Cropping in the strips is usually rotated each year. In a typical four-strip field, each strip will be cultivated with a for one or two years, grain for one year, and row-crop planting for one year. Each strip benefits from one or two years of nitrogen replenishment from nitrogen-fixing cover crops such as alfalfa, and each strip benefits from one year of absorbing nutrient and fertilizer runoff from the adjacent row-crop strip.

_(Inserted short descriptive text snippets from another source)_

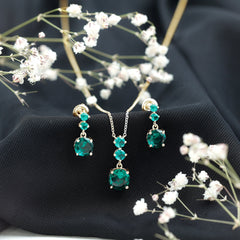 Certified Lab Created Emerald Dangle Necklace Earrings Set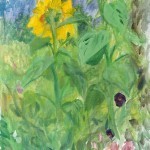 A brief break from gouache on paper, to paint the garden sunflowers with acrylic on canvas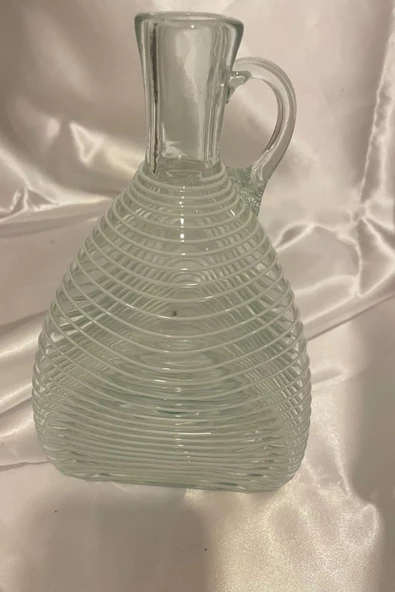 Cam Sürahi  El İşi Beyaz Çizgili ürün görseli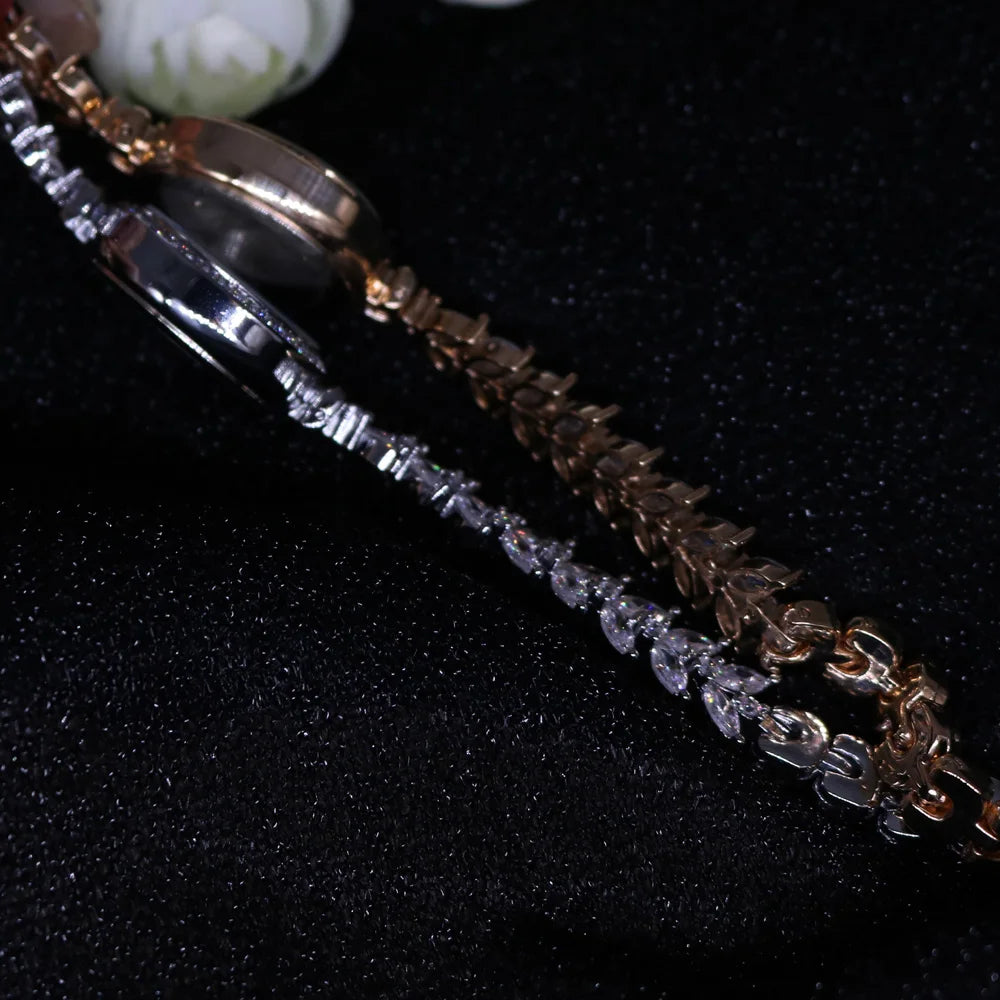 Lady Women's Watch Japan Quartz Jewelry Hours Fine Fashion Clock Claw-setting Crystal Bracelet Luxury Girl Gift Box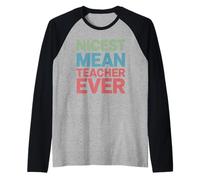 Mejor maestro medio enseñando broma broma juego de palabras hombres mujeres Camiseta Manga Raglan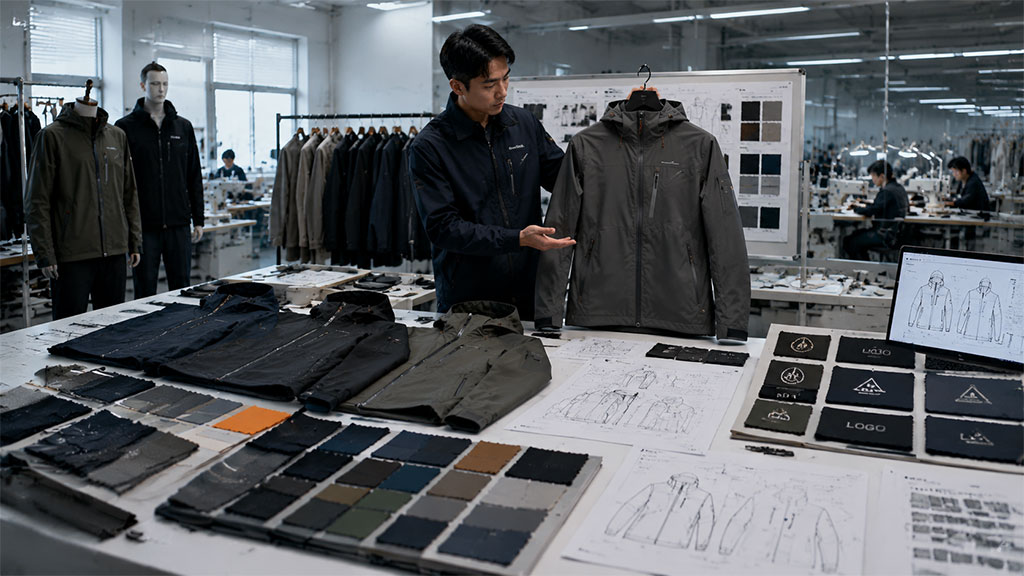 Simmerui apparel designer presenting a ready-to-produce ODM clothing solution, showcasing pre-designed sample jackets, custom branding tag options, fabric swatches, and technical specification layouts on a factory studio table.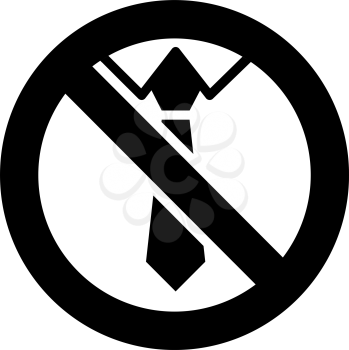No Neckties forbidden sign, modern round sticker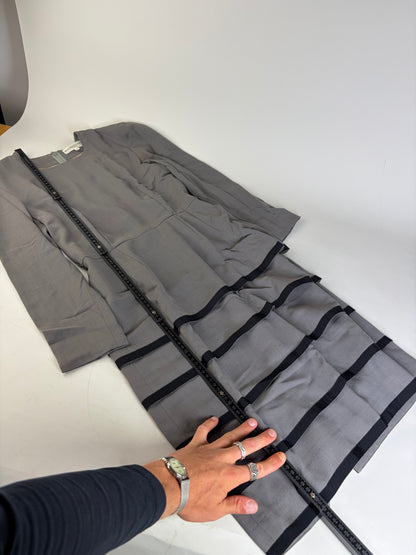 Vintage Balenciaga Wool Dress Gray Black L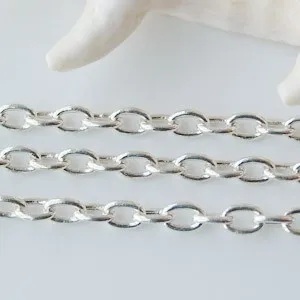 Цепочка с овальным кабелем 1 метр|for jewelry|rope for jewelrysilver link |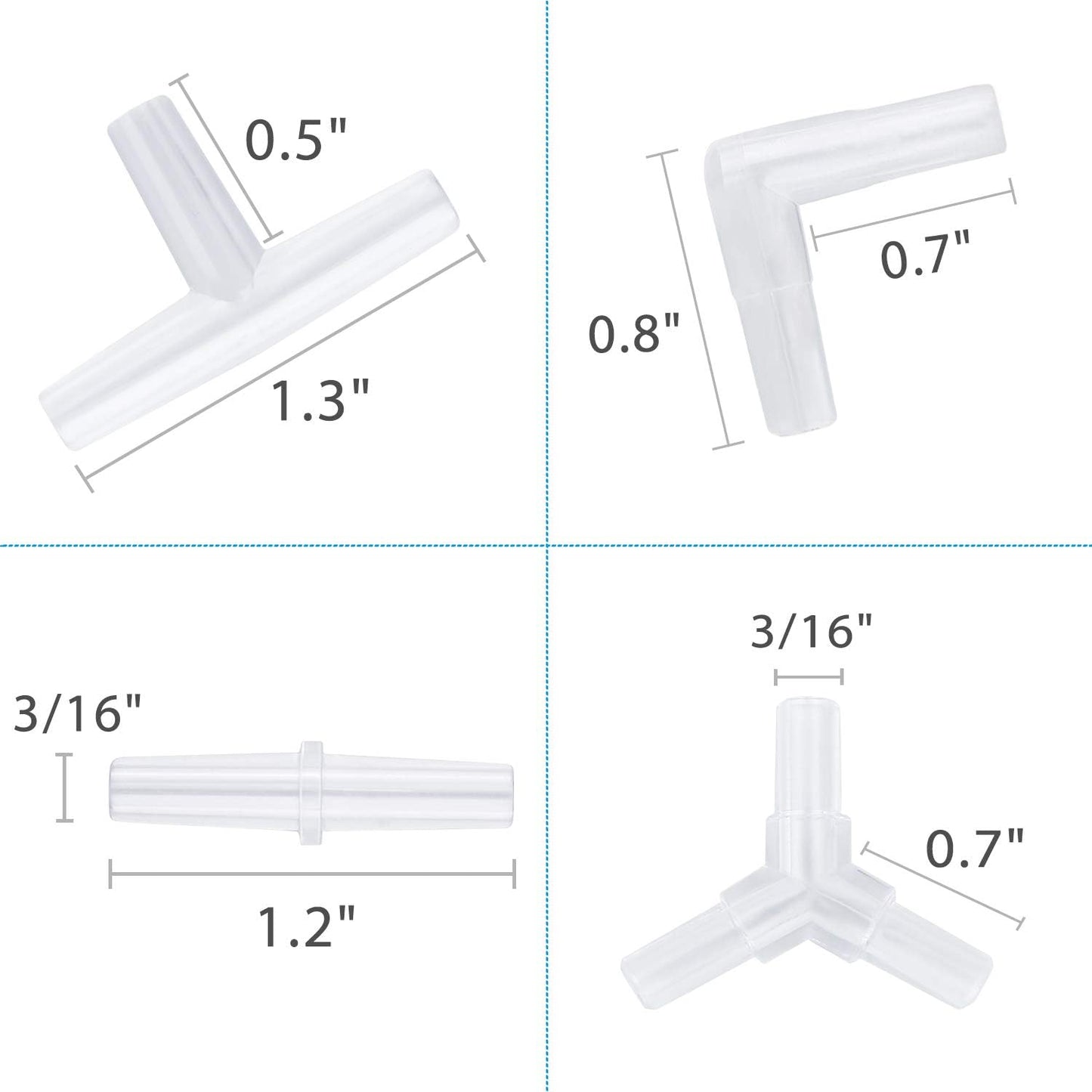 Pawfly forty piece fish tank airline connectors kit organized by type for aquarium hobbyists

Strip widths are determined by the slope of the land: The greater the slope, the narrower the strips. In areas of high wind, the greater the average wind velocity, the narrower the strips. The number of grass or small-grain strips must be equal to or greater than the number of row-cropped strips.

Terraces are often constructed to reduce the slope of agricultural land. To reduce erosion, at least one-half of the land between terrace walls is cultivated with grass or a close-growing crop. Diversion ditches are often used to redirect water from its downhill course across agricultural land. These ditches usually run through permanently grassed strips, through downhill grass waterways constructed across the width of the strips, and through grassed field borders surrounding each field.

Bibliography

Al-Amin, A.K.M. Abdullah, et al. "Economics of Strip Cropping with Autonomous Machines." Agronomy Journal, 9 Feb. 2024, doi.org/10.1002/agj2.21536. Accessed 23 July 2024.

Campanelli, Gabriele, et al. "Strip Cropping in Organically Managed Vegetable Systems: Agronomic and Environmental Effects." Renewable Agriculture and Food Systems, 23 June 2023, https://www.cambridge.org/core/journals/renewable-agriculture-and-food-systems/article/strip-cropping-in-organically-managed-vegetable-systems-agronomic-and-environmental-effects/624B801F6F4AFFFD0D815EE50B2FE0B5. Accessed 23 July 2024.

Gliessman, Stephen R., and Martha Rosemeyer, eds. The Conversion to Sustainable Agriculture: Principles, Processes, and Practices. Boca Raton, Fla.: CRC Press, 2010.